Monumento de Diomedes e Atena

Monumento de Diomedes e Atena

Pare que Diomedes é pouco mencionado na Ilíada, considerando a importância das suas façanhas para o prosseguimento da trama.

Rei respeitado por direito próprio, Diomedes entra em guerra como rei de Argos. Vinculado pelo Juramento de Tíndaro, veio defender o casamento de Menelau e Helena, como tinha prometido quando pretendente. À chegada tornou-se em breve um dos combatentes mais astutos e úteis dos Gregos.

Enquanto Aquiles se consumia nas tendas, irado porque Agamémnon lhe tinha tomado o prémio de guerra Briseida, Diomedes avançou, tomando parte em vários conflitos importantes.

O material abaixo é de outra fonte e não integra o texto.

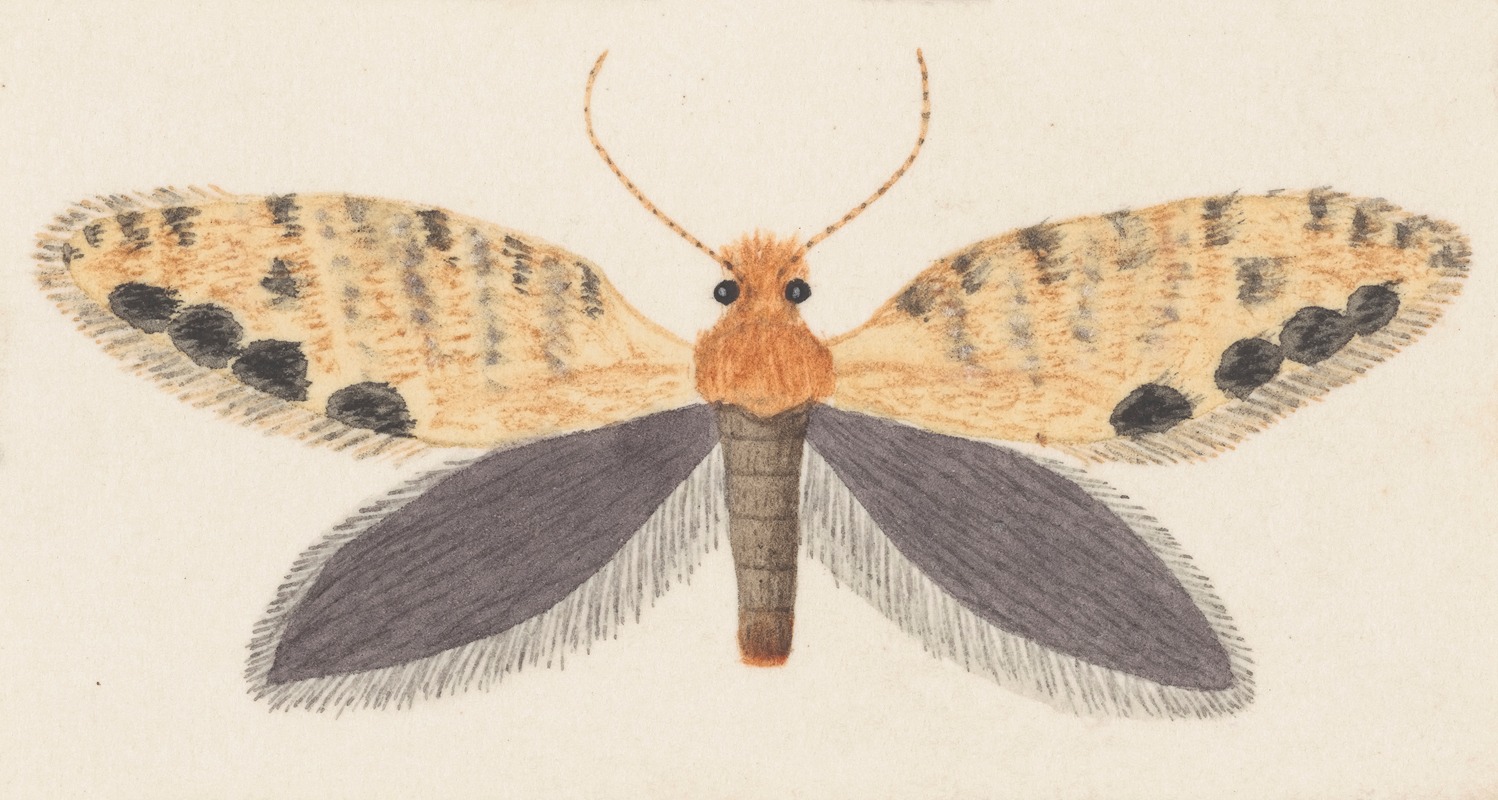 George Hudson - Entomology watercolour Pl.158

Quem é Diomedes na Ilíada?

Variamente conhecido como Diomedes, flagelo de Troia, e Diomedes, senhor da guerra, é no fim de tudo apenas um homem. Um dos poucos Heróis verdadeiramente humanos, sem herança divina ou sangue a marcar o seu legado, Diomedes é contudo um dos personagens-pilar da epopeia.

Filho de um rei banido, Diomedes tinha um passado a superar. O seu pai Tideu foi banido da pátria de Cálidon após ter matado outros potenciais sucessores ao trono de Eneu, seu pai. Tideu e o filho Diomedes foram exilados pela traição de Tideu, e as maldades do pai marcaram para sempre Diomedes.

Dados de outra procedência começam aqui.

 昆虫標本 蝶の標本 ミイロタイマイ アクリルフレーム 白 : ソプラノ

Quando chegaram a Argos, Tideu obteve santuário do rei Adrasto em troca da sua ajuda numa guerra contra Tebas. Em troca do santuário que lhe foi oferecido, tornou-se um dos Sete contra Tebas numa guerra para ajudar Polinices. Tideu pagou caro a acolhida em Argos porque acabou por morrer no campo de batalha.

Apesar de ter sido banido da terra de origem, Diomedes vingou Eneu quando os filhos de Árgios o aprisionaram. Uma vez adulto, saiu a libertar o avô do cativeiro. Matou os filhos de Árgios, obtendo tanto a liberdade do avô como o perdão pelas ações do pai defunto.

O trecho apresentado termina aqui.